I lost my mother when I was 8 months pregnant. She was struggling with mental illness her entire life. I fought for her but she lost the battle. Only after her death did I find that I also had the same illness she lived with, bipolar disorder. I took action. I sought help. I didn’t want her death to be meaningless, misunderstood, and I surely didn’t want my son I suffer like I did growing up. I started talk therapy, then saw a psychiatrist, was properly diagnosed and medicated. I was hesitant to try the meds but reminded myself that it was worth a shot, my son was worth it. I’m glad I did because I have been in control of my life again and capable of maintaining things I was once unable to do. There is pride in seeking help. Pride in knowing yourself and knowing how much strength it takes to face your problems head on. You are NOT alone.
Do not look at my mental illnesses as a disease that is to be feared, and never listen to my real feelings. This is folly. This is foolishness of heart. No medication will replace what listening to the issue from those who live with so called mental illnesses.
I have been battling depression my entire life and yet I have managed to survive even after several attempts at suicide. My father committed suicide in my presence when I was a child and my Uncle committed suicide because he was terminally ill. They say it runs in families, but I’m trying to break the cycle. My diagnosis is Major Depressive Disorder and like many others who suffer from this mental illness, I’m aware of society’s outlook on it, but I also know it’s not my fault. My ability to get through this is not without help. I take antidepressants and go to therapy; the two go hand in hand. More importantly, I am learning why I hurt myself and why I’m self destructive. I think this is the first step in accepting one’s self and learning how to understand and deal with certain behaviors associated with depression. People have told me that my father was a coward for taking the easy way out and I grew up ashamed of him. When people asked about how he died I would lie and say “he was in a car accident” because people could handle that better and I wasn’t ousted. Now I am him and I understand what he was going through and I do not think he was a coward, I just think he was ill. My wish is that the public would become more educated on the subject.

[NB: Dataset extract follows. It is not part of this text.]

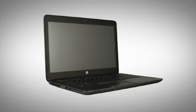The following video depicts a specific configuration of the notebook. The same removal and replacement procedures apply to all configurations of the notebook.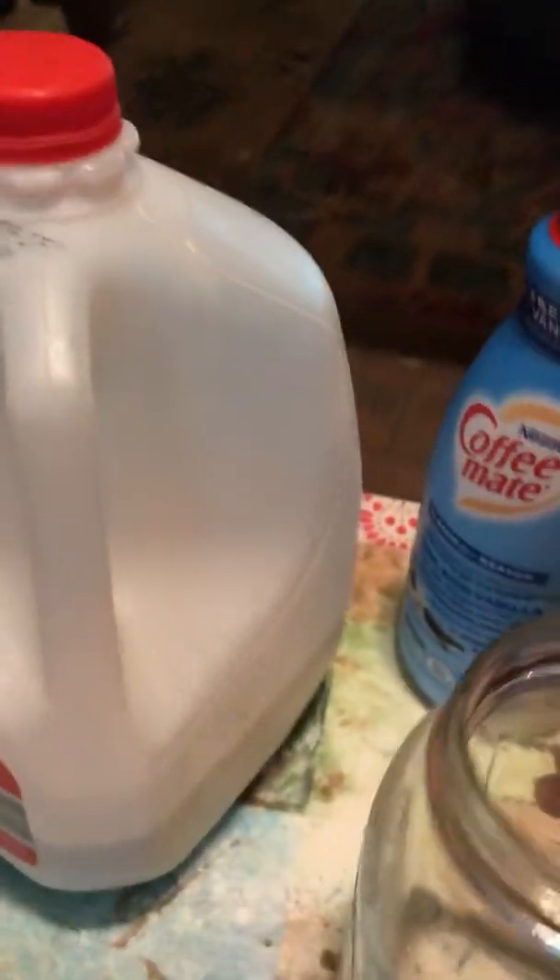I've had some requests on how to make my cold coffee. So first off, I have a jar. It's three cups, holds three cups, okay?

I care deeply about the wellness of people’s lives and how the act of simply talking and truly caring about someone can potentially save other’s lives.

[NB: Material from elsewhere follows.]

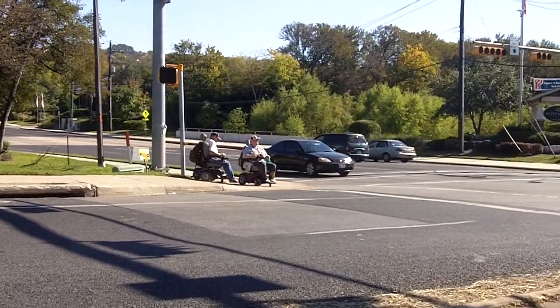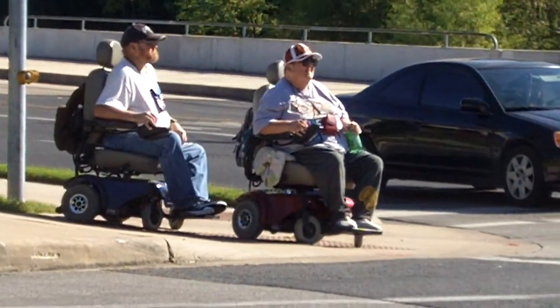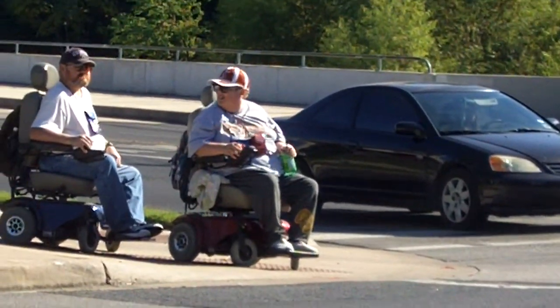It actually looks like... look at this. This is Texas right here. That's real Texas. Two fat guys on scooters. Oh, that's a curl.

My first real art lesson was when my father taught me how draw a rose using basic shapes and shading. I don’t exactly remember my dad when I was little except that he was a really jolly fellow and as round as Santa. But today I’m really glad that I got my creativity and corny humor from him. My father had always prompted me to be creative and that was one of the greatest gifts he had left me with.
When I was in 6th grade and only 11 years old he passed away all too suddenly. I had arrive at the hospital the day he died from kidney problems and there were no last “I love yous” or “I’m proud of you.” I wanted to be strong, I wanted straight A’s and I wanted to do it all for my dad. This was my way of thinking that temporarily helped me to survive my 3 years in middle school. But the years of denial and the bottling in of my emotions caught up to me and strangled my health. I needed help but I wasn’t conditioned to ask for anything. In my graduating year in 8th grade I wasn’t only struggling with delayed grieving of my father but I was also having extreme difficulty making speeches as the student body president and preparing for the 8th grade oral presentation all at once.

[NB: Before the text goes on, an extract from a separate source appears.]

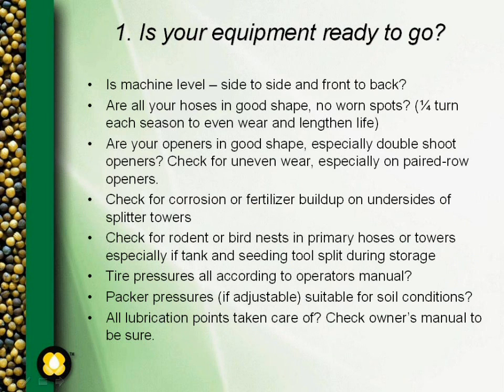First of all, is your equipment ready to go? Make sure that the machine is level both front to back as well as side to side. Make sure all your hoses are in good shape with no worn spots, especially on the elbows. One method commonly used to lengthen the life of these hoses, especially your primary hoses, is to give them a quarter turn each season to even out the wear and lengthen their life.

I work as a peer supporter. I came down with schizophrenia in college when I was 22 years old. For the first seven years, getting the wrong treatment, I thought I didn’t have an illness, but was plagued by a conspiracy. I finally had to accept that it was an illness when I finally got on a medication that worked. I worked for my state NAMI and then for a peer-run wellness and recovery center, both of which have given me the peer support that allowed me to recover. I have also been in a support group run by a social worker for over half of my life, and the social worker has been in the group for over half of her life. About nine years ago, I found a spiritual community where I could fit in, which I never thought I would find. This has given me a spiritual teacher, meaning in life, a meditation practice, and holy company. With both my spiritual peers and my mental health community peers, I have a fulfilling life. In fact, a while ago I looked at an old song I wrote where I said: “I do not live, I merely exist.” I was surprised that I had ever felt this way, although in the old days I had periods when I was suicidal. I still have times when I am depressed and frustrated, but overall, cliched though it may sound, I have come a long way from where I used to be.Recovery is real.